• _WHAT IS NEEDED_: From the records that follow, return exactly the lines beginning at the one that contains "Women's Linen Tunics" and ending at the one that contains "Louis XVI Louis XV Walnut Armoire in Walnut", pictures left out.

• _DATA TO USE_:
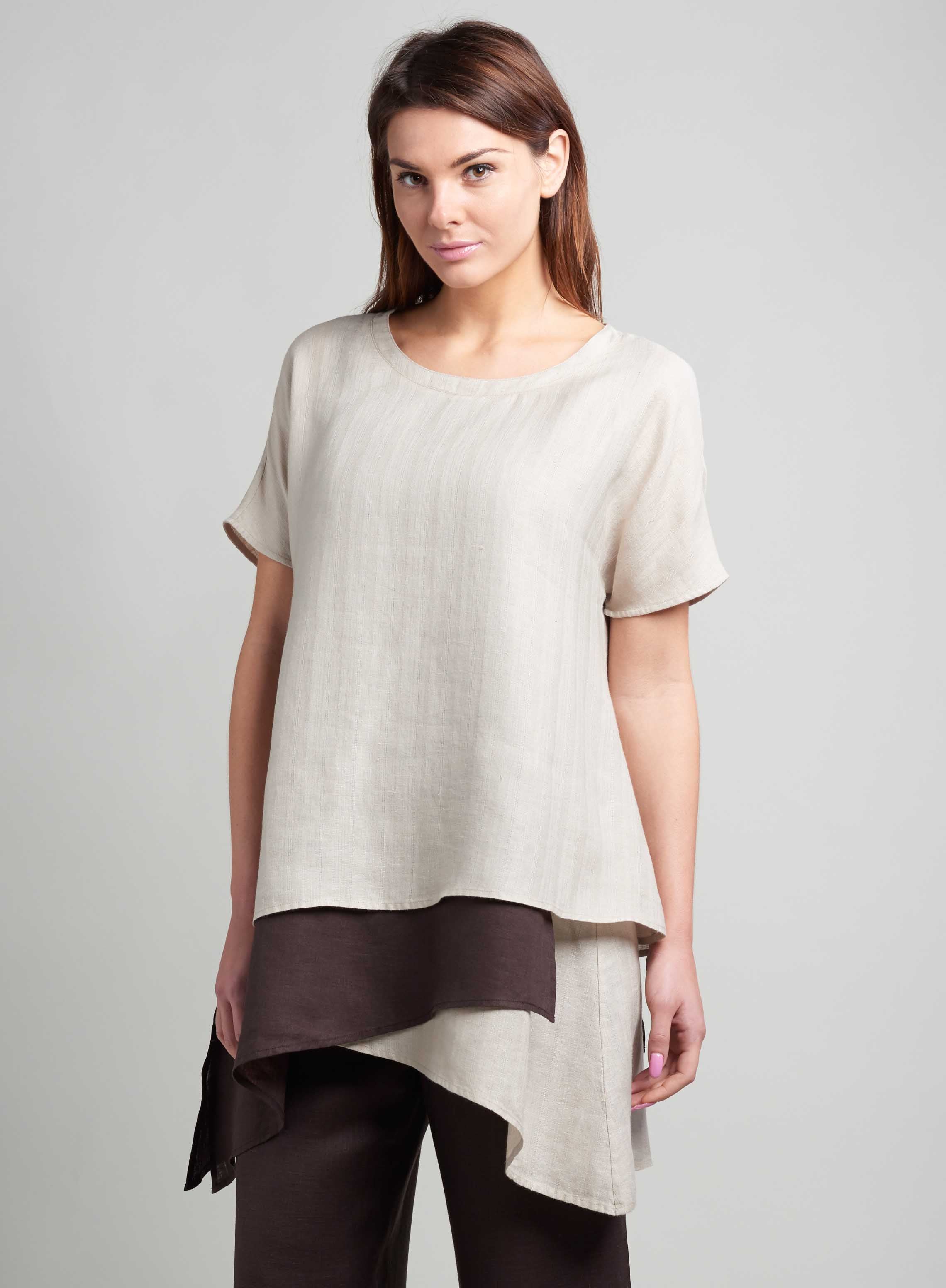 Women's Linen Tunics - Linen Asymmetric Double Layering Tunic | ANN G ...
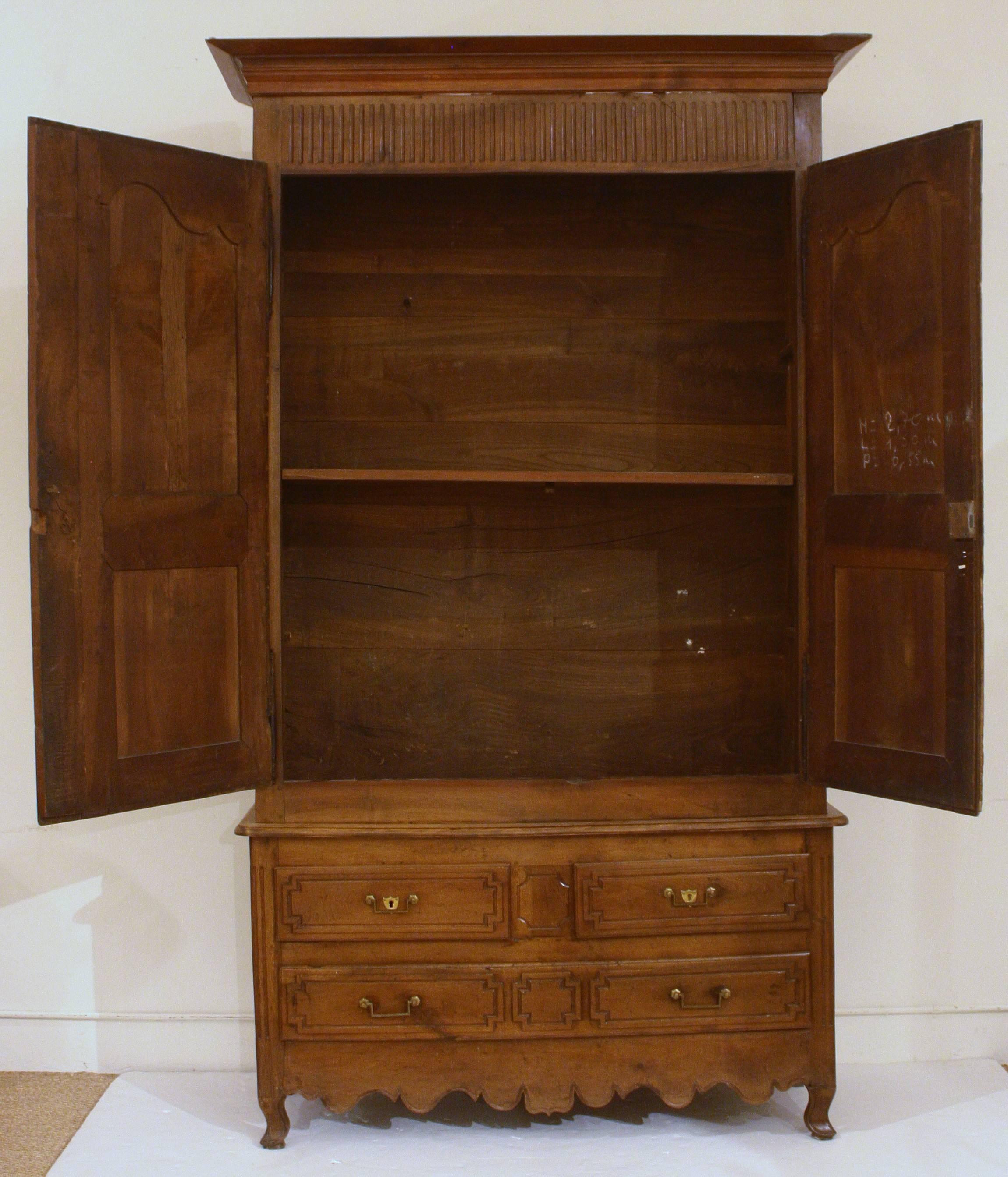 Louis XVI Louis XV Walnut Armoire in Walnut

---

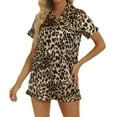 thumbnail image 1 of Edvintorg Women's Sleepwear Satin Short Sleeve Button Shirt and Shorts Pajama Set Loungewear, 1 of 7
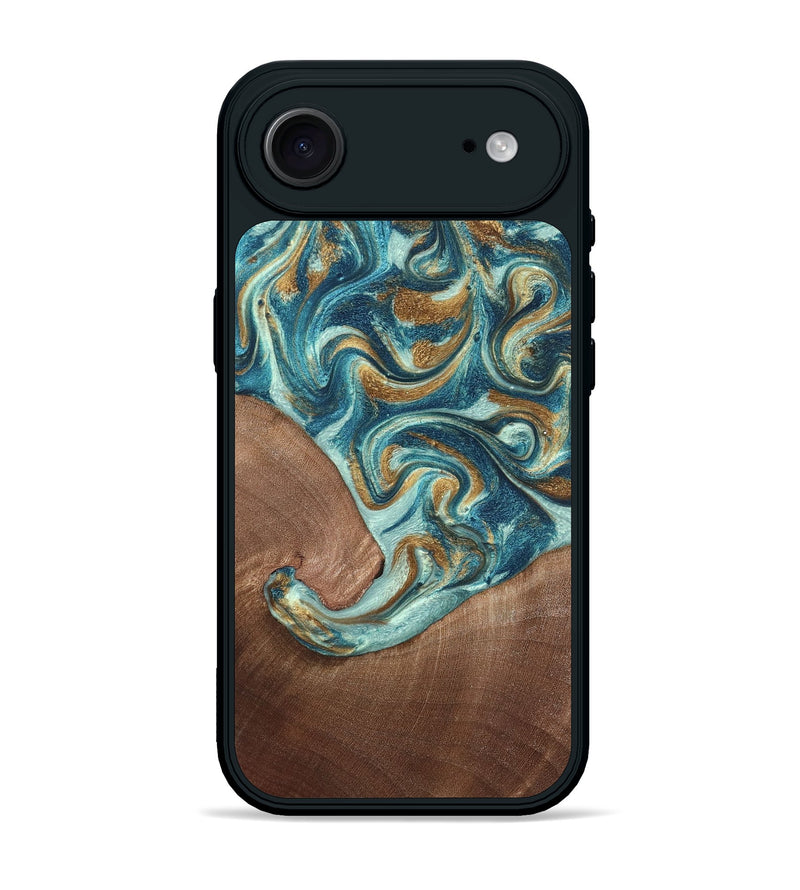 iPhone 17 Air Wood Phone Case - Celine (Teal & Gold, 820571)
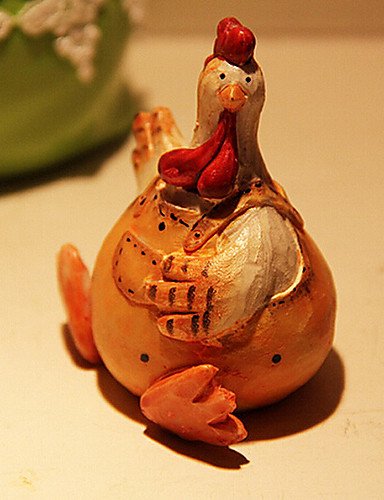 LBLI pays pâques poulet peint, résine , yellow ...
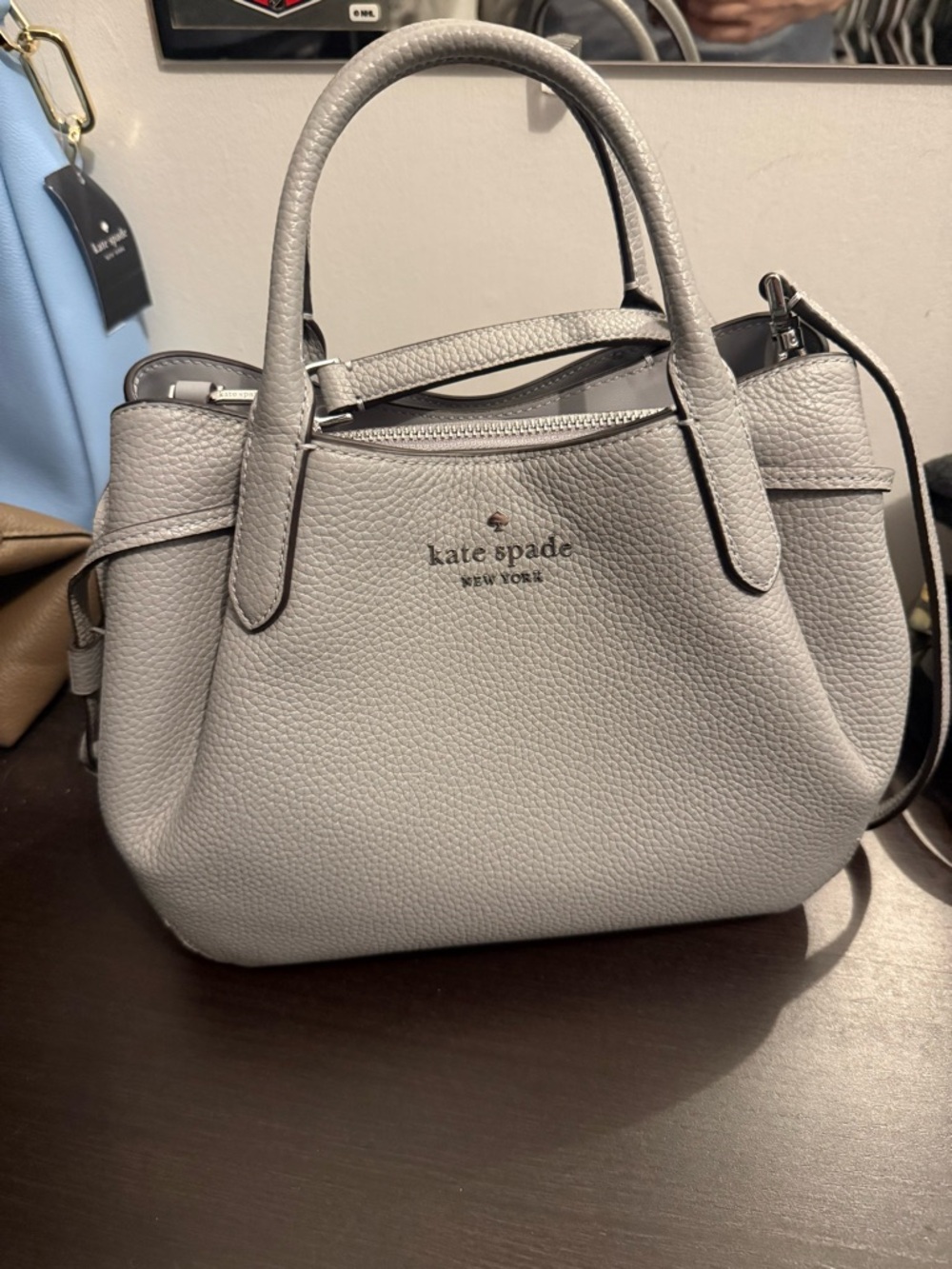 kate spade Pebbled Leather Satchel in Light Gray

* * *

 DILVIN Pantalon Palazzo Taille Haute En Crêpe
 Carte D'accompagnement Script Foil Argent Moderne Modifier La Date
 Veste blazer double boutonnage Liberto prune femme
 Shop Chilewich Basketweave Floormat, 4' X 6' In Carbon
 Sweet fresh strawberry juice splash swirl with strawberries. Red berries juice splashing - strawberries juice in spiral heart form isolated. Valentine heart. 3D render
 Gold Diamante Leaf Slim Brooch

• _PROBLEM SOLUTION_:
 Women's Linen Tunics - Linen Asymmetric Double Layering Tunic | ANN G ...
 Louis XVI Louis XV Walnut Armoire in Walnut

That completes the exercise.